Free At Last
When a reader first reads The Yellow Wallpaper it appears to be a story of a young woman suffering from post pardum depression that slowly ends in the total loss of reality. However, understanding that Charlotte Perkins Gilman was an early feminist, and her writings share a common theme that women do not have an equal human status in society, the story takes on a whole new meaning. The author’s creative use of symbolism in The Yellow Wallpaper allows the reader an inside look of a young woman’s struggle to free herself from society’s “norm”. The author’s use of setting and symbolism perfectly represents the male dominant society in the Victorian era that believed a women’s place was in the home. The author carefully constructed her sentences and symbols to produce a picture of arrogant and creepy male oppression.

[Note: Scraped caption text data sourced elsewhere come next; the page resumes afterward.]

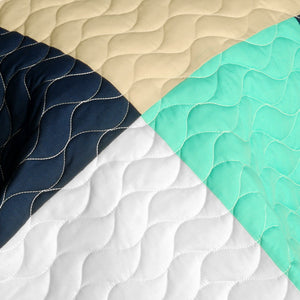 Black White Cream & Green Geometric Teen Bedding Full/Queen Quilt Set - Detail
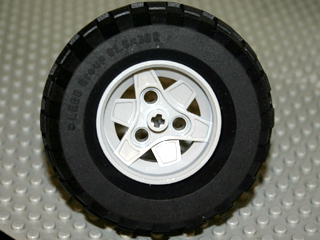Lego Wheel 43.2mm D. x 26mm Technic Racing Small, 3 Pin Holes with Black Tire 81.6 x 38 R Balloon (41896 / 45982)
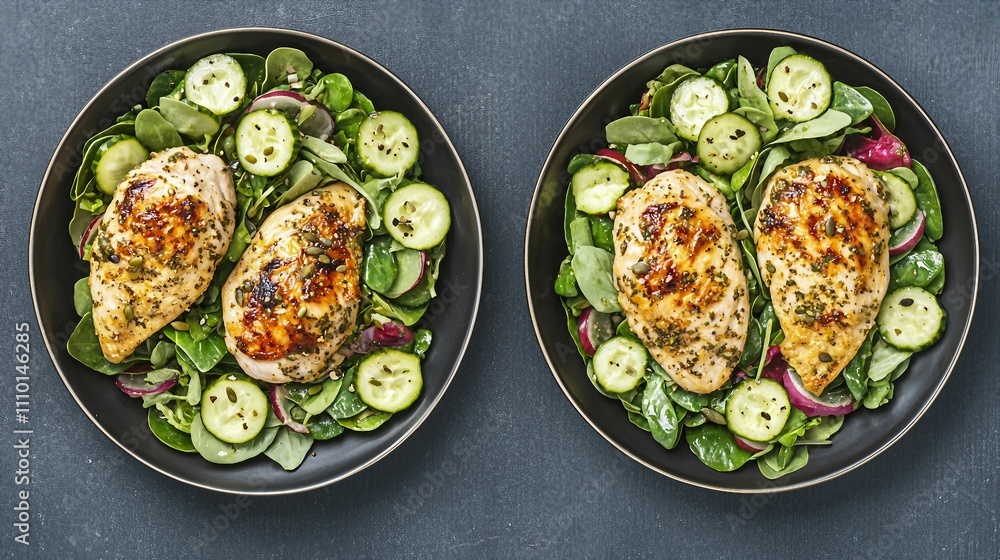 Grilled Chicken Breast with Fresh Salad and Cucumber Slices Grilled Chicken Breast with Fresh Salad and Cucumber Slices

The story opens with the young woman describing the house as a “colonial mansion, a hereditary estate, I would say a haunted house, and reach the height of romantic felicity—but that would be asking too much of fate!” (168). The author uses this symbolism to describe the different roles a woman played. The colonial mansion describes her as a wife and a hereditary estate that of a m
The young woman comes to the realization that "If only that top pattern could be gotten off from the under one! I mean to try it, little by little" (179). The strangled heads in the paper symbolize women whose careers and goals have been choked by male dominance. Bits of paper still remained and although she made great strides in freeing herself from the dominance of her husband there was still work to be done in terms of true social and economic equality and that it will not be easy to break the dominance that men have enjoyed for so long. I find it hovering in the dining room, skulking in the parlor, hiding in the hall, lying in wait for me on the stairs. "By daylight she is subdued, quiet. The young woman"tms fascination with the ugly paper begins as an innocent annoyance, builds to a pastime, and turns into an obsession. It sticks horribly and the pattern just enjoys it" (222). Although she felt no animosity toward her husband, the marriage itself was more like a prison. Women were thought to be property and treated like children. I fancy it is the pattern that keeps her so still" (176). The haunted house alludes to the fact that a woman during this time had to hide any signs of intelligence or creativity. It is the wallpaper, though, that is the focal point of the story, and it holds within it many descriptive symbols for the creepy discrimination and oppression of women.